» Task objective
Everything in the records below from the line containing "Kapetan Vešović iz" through the line containing "Muslim grave in" is to be reproduced exactly, those two lines included; no picture is to be copied.

» Records to use
>>>>

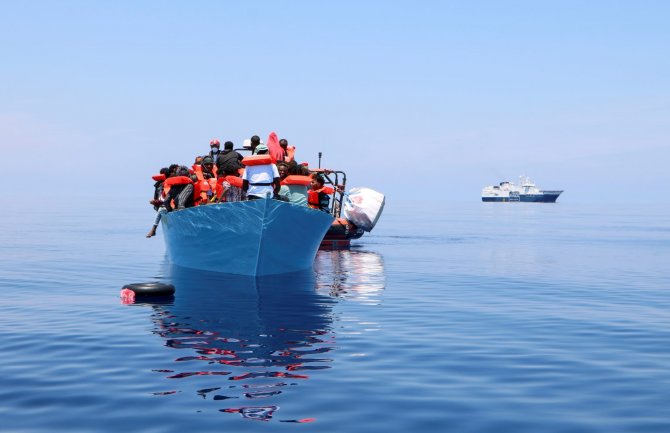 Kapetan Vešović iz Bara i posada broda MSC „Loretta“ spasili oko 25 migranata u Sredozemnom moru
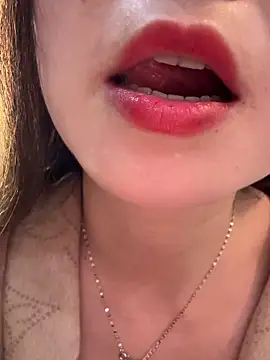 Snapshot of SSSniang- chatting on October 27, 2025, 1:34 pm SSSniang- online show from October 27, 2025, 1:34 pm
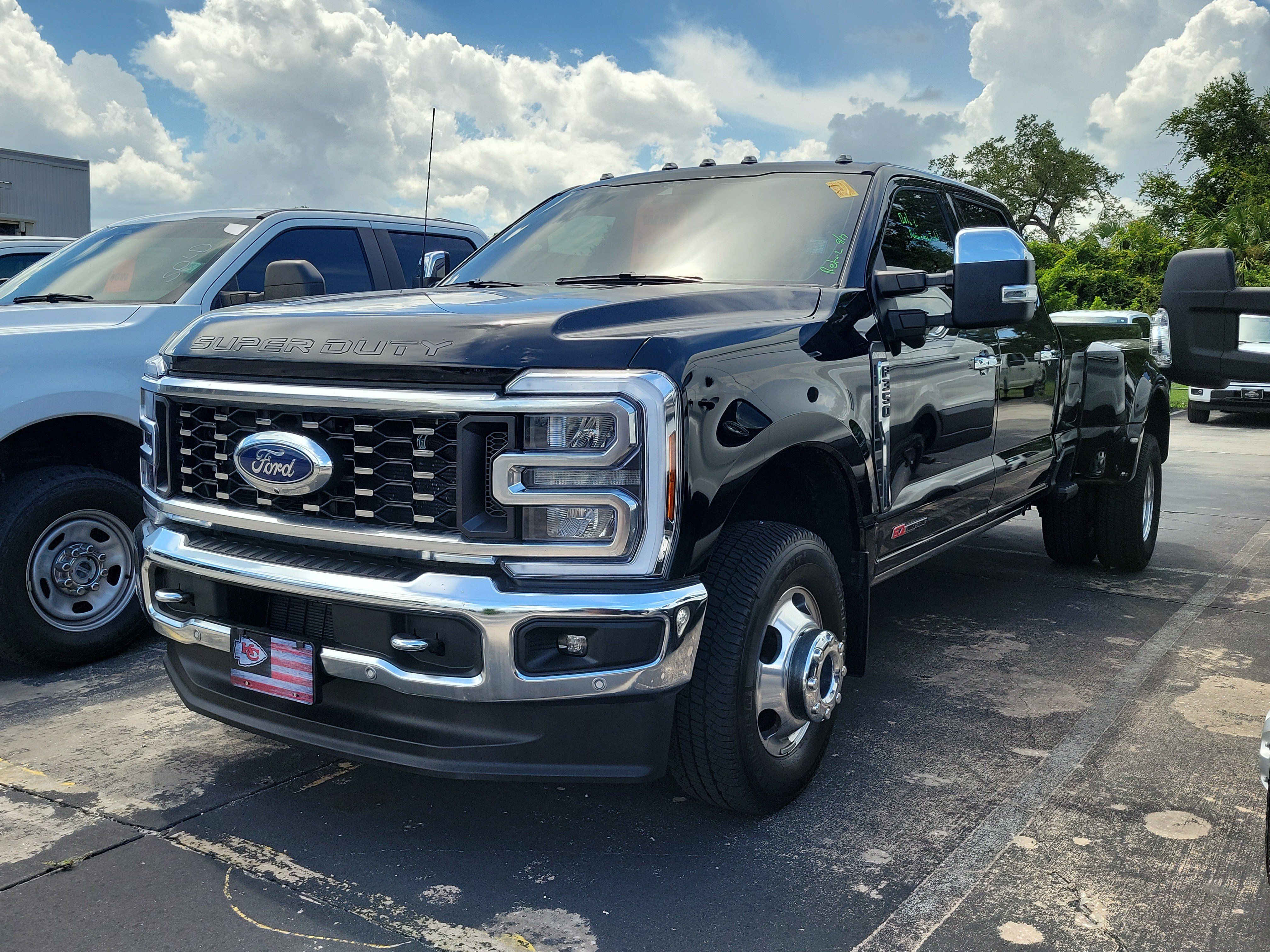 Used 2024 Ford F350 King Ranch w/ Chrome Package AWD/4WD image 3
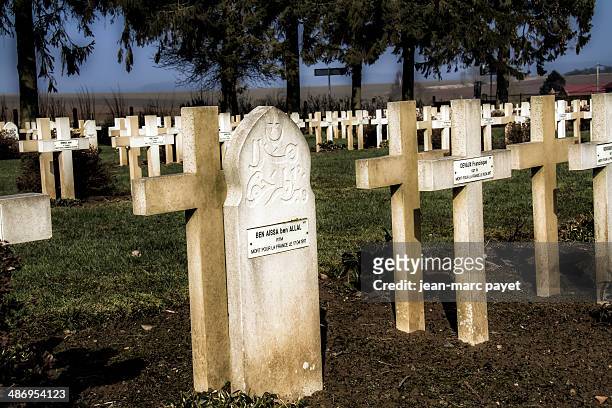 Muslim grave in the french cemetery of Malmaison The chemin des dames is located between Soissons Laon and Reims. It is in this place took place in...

<<<<
>>>>

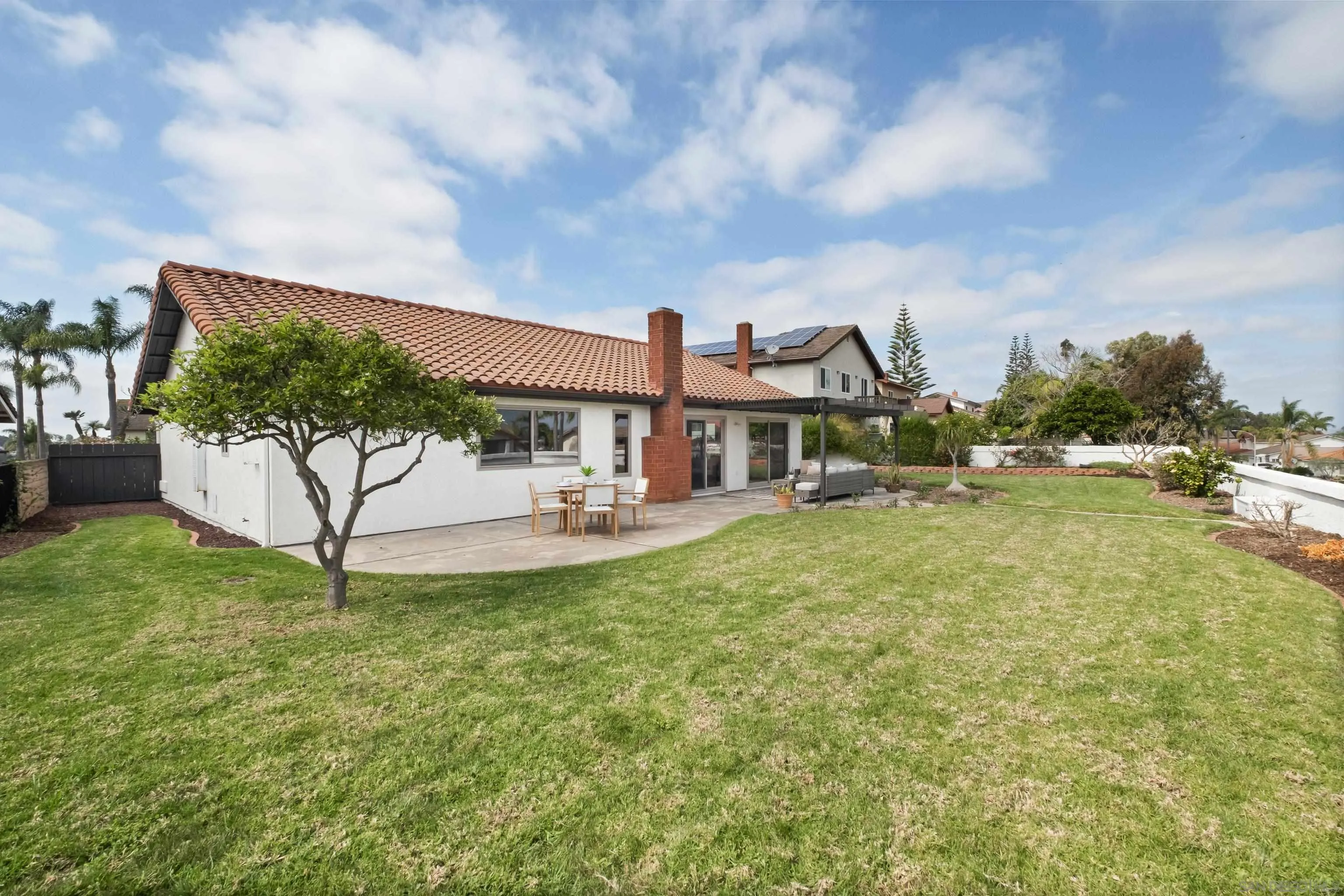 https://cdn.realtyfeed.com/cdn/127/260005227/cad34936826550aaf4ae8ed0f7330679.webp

<<<<
>>>>

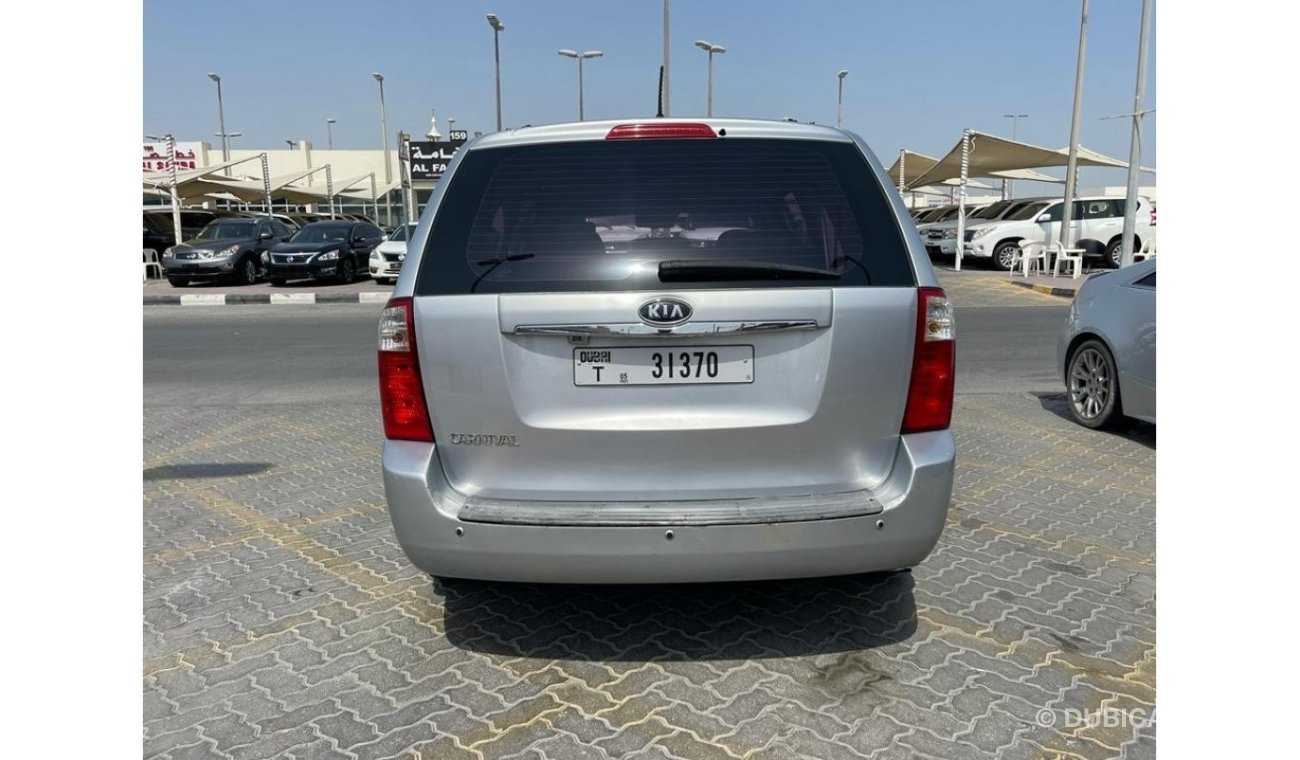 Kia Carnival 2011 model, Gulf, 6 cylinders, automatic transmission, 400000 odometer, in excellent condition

<<<<

» Response box
 Kapetan Vešović iz Bara i posada broda MSC „Loretta“ spasili oko 25 migranata u Sredozemnom moru
 Snapshot of SSSniang- chatting on October 27, 2025, 1:34 pm SSSniang- online show from October 27, 2025, 1:34 pm
 Used 2024 Ford F350 King Ranch w/ Chrome Package AWD/4WD image 3
 Muslim grave in the french cemetery of Malmaison The chemin des dames is located between Soissons Laon and Reims. It is in this place took place in...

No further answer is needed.